WHAT YOU HAVE TO DO:
Repeat the listing exactly. Pictures stay out of your copy.

ENTRIES SHOWN:
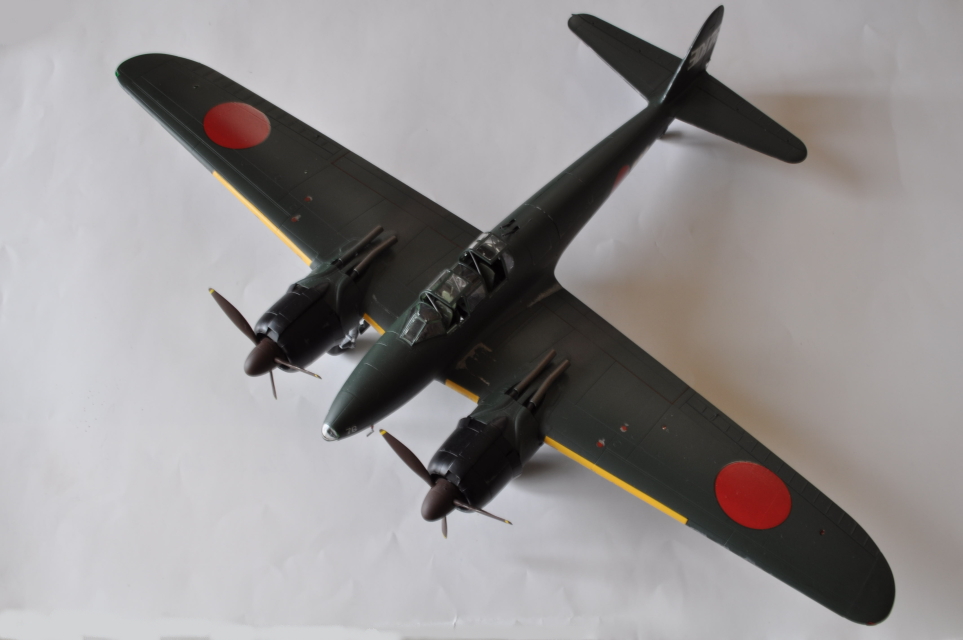 TAMIYA 1/48 IRVING (LATE PRODUCTION)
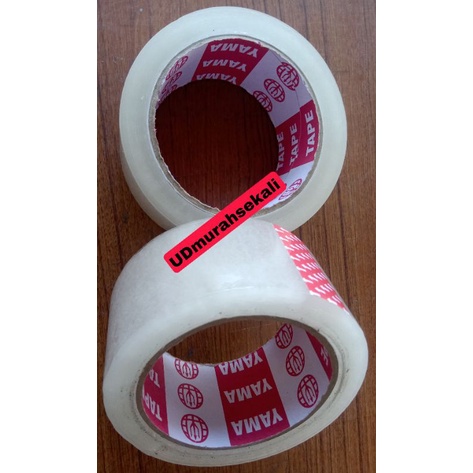 

Lakban Bening Coklat 90Yard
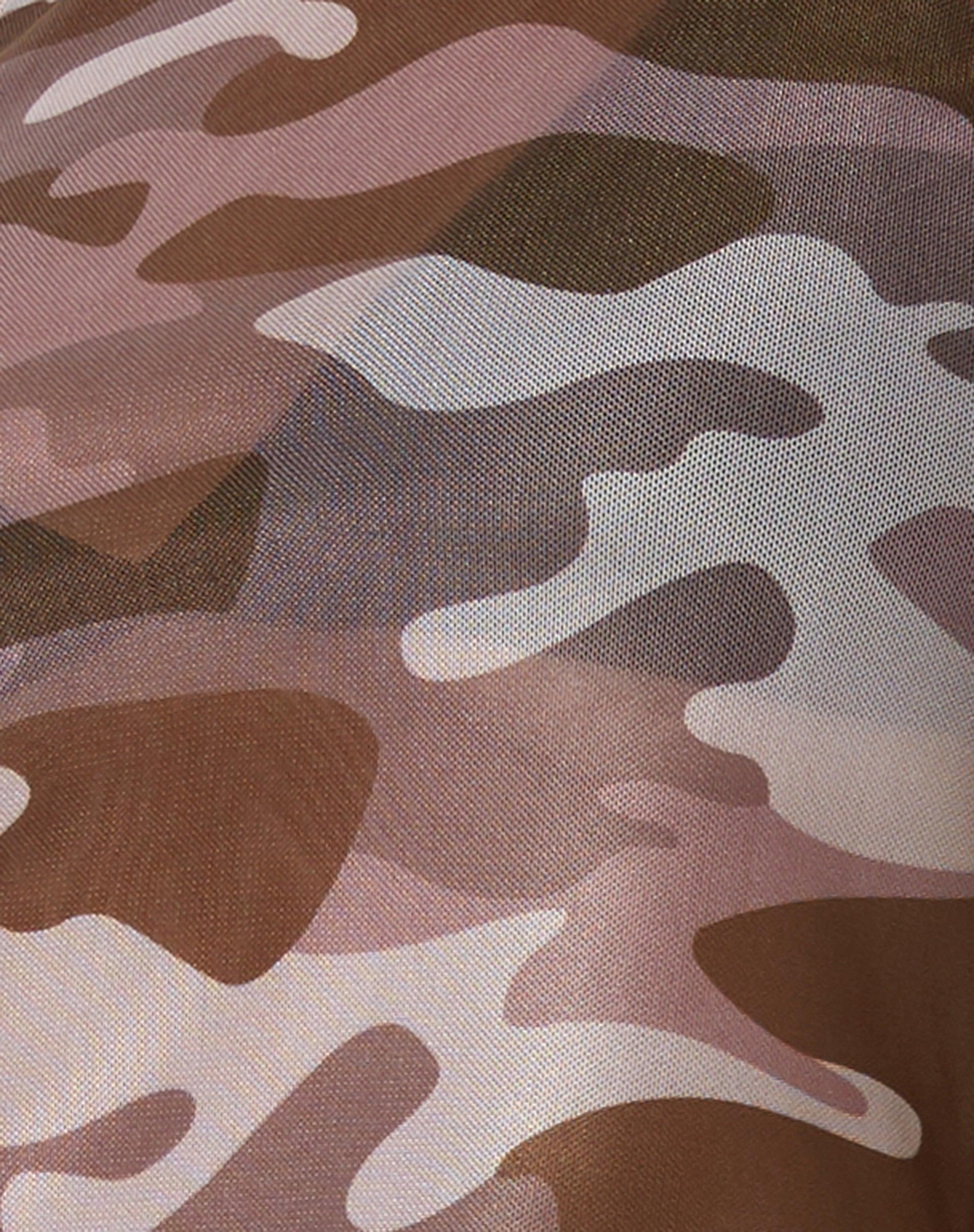 Bika Vest Top in Camo Product Image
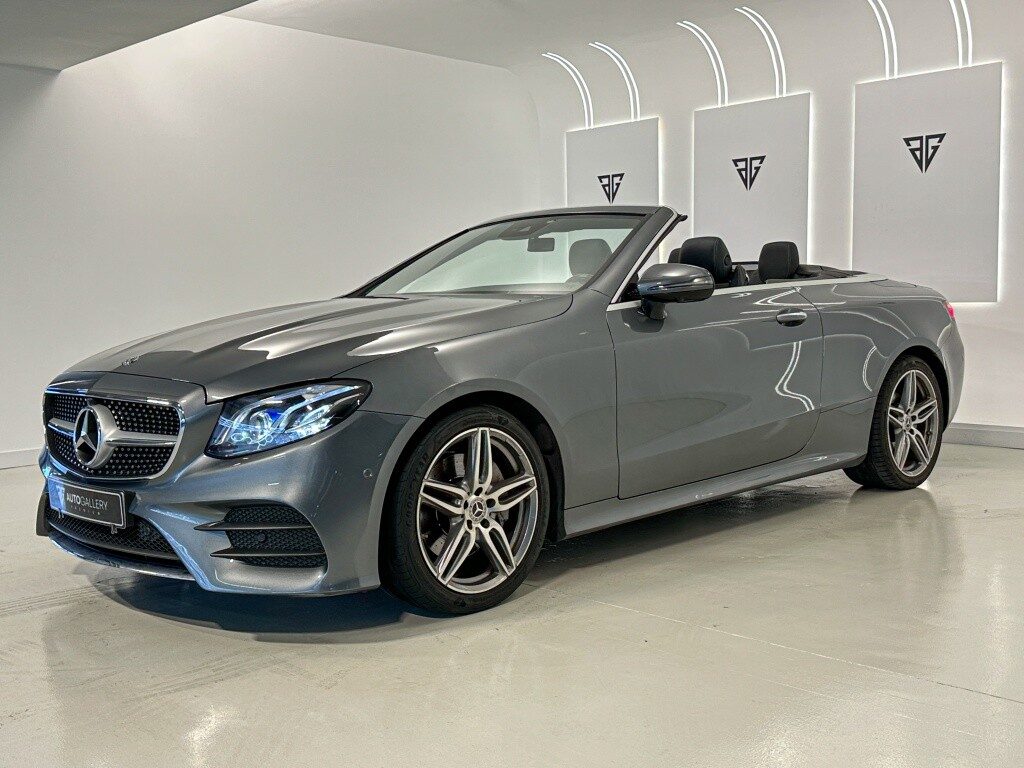 Mercedes-benz clase e cabrio 220d 9g-tronic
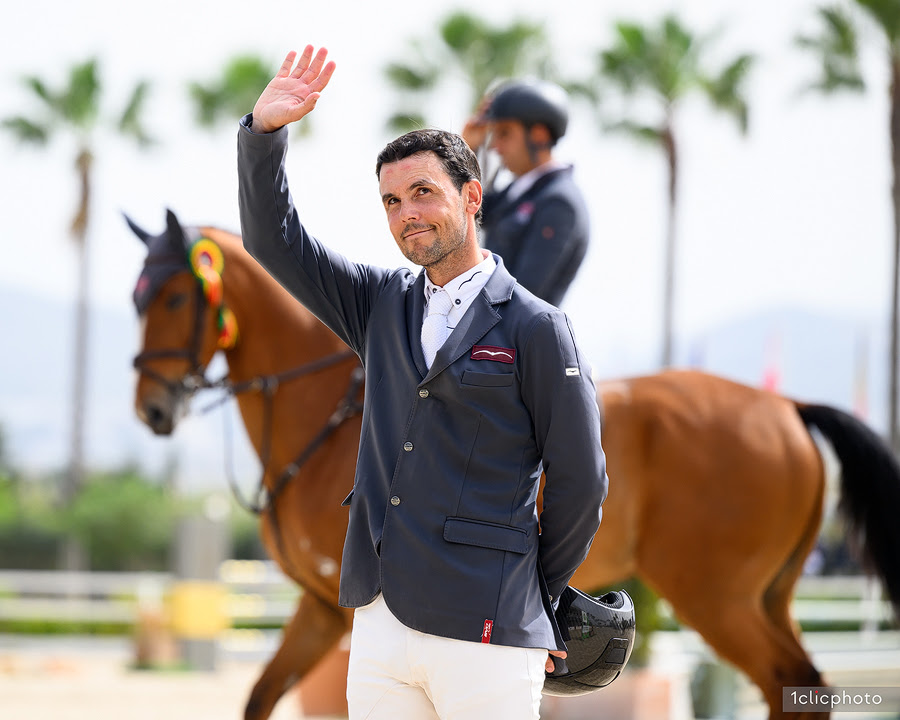 MET Oliva: Sergio Alvarez Moya e Jackson vincono il Gran Premio CSI2* 1.45m 1 Sergio Alvarez Moya - Photo credit © Hervé Bonnaud1clicphoto.com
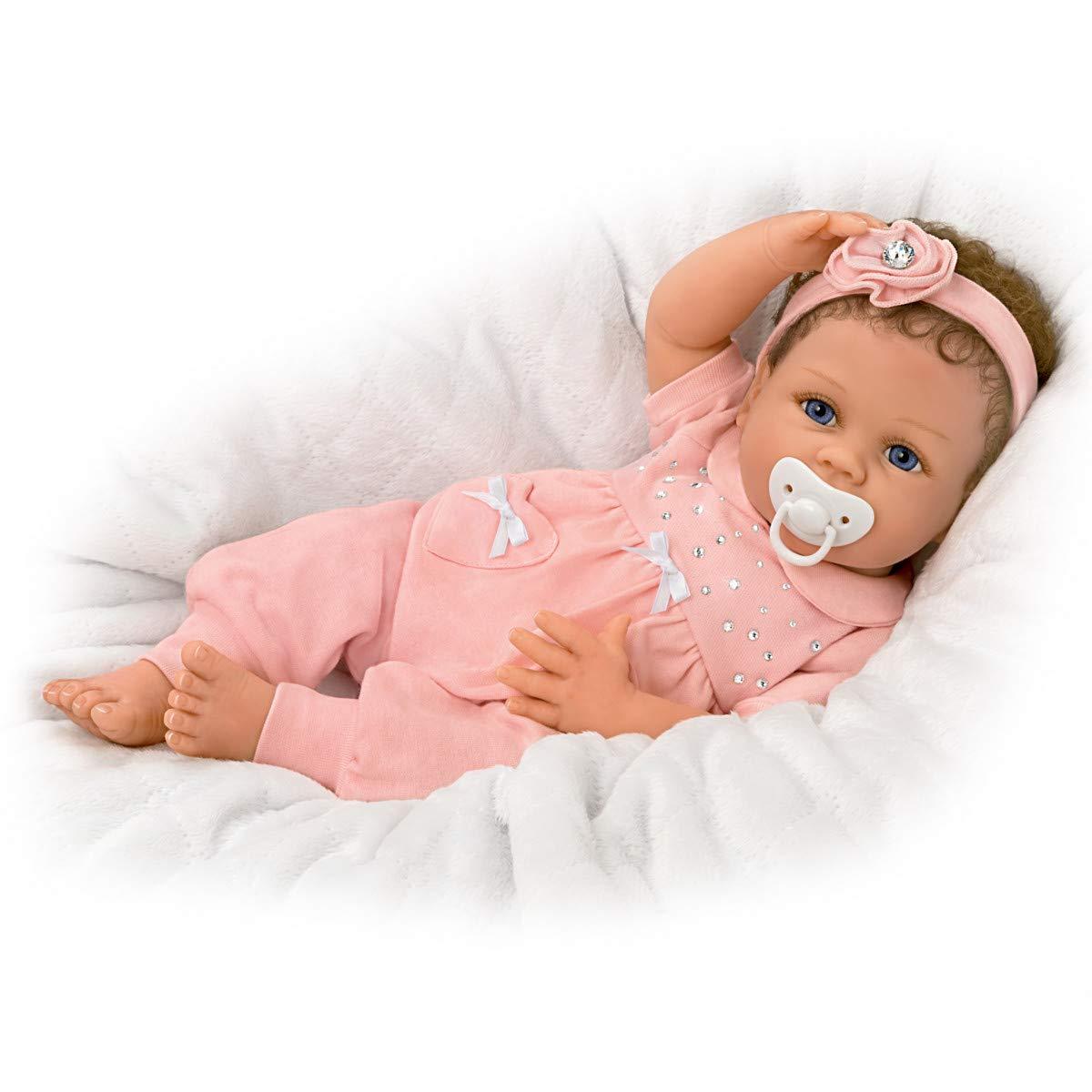 The Ashton-Drake Galleries The Ashton - Drake Galleries Linda Murray Cooing Chloe Breathing Baby Doll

ANSWER TO THE EXERCISE:
 TAMIYA 1/48 IRVING (LATE PRODUCTION)

Lakban Bening Coklat 90Yard
 Bika Vest Top in Camo Product Image
 Mercedes-benz clase e cabrio 220d 9g-tronic
 MET Oliva: Sergio Alvarez Moya e Jackson vincono il Gran Premio CSI2* 1.45m 1 Sergio Alvarez Moya - Photo credit © Hervé Bonnaud1clicphoto.com
 The Ashton-Drake Galleries The Ashton - Drake Galleries Linda Murray Cooing Chloe Breathing Baby Doll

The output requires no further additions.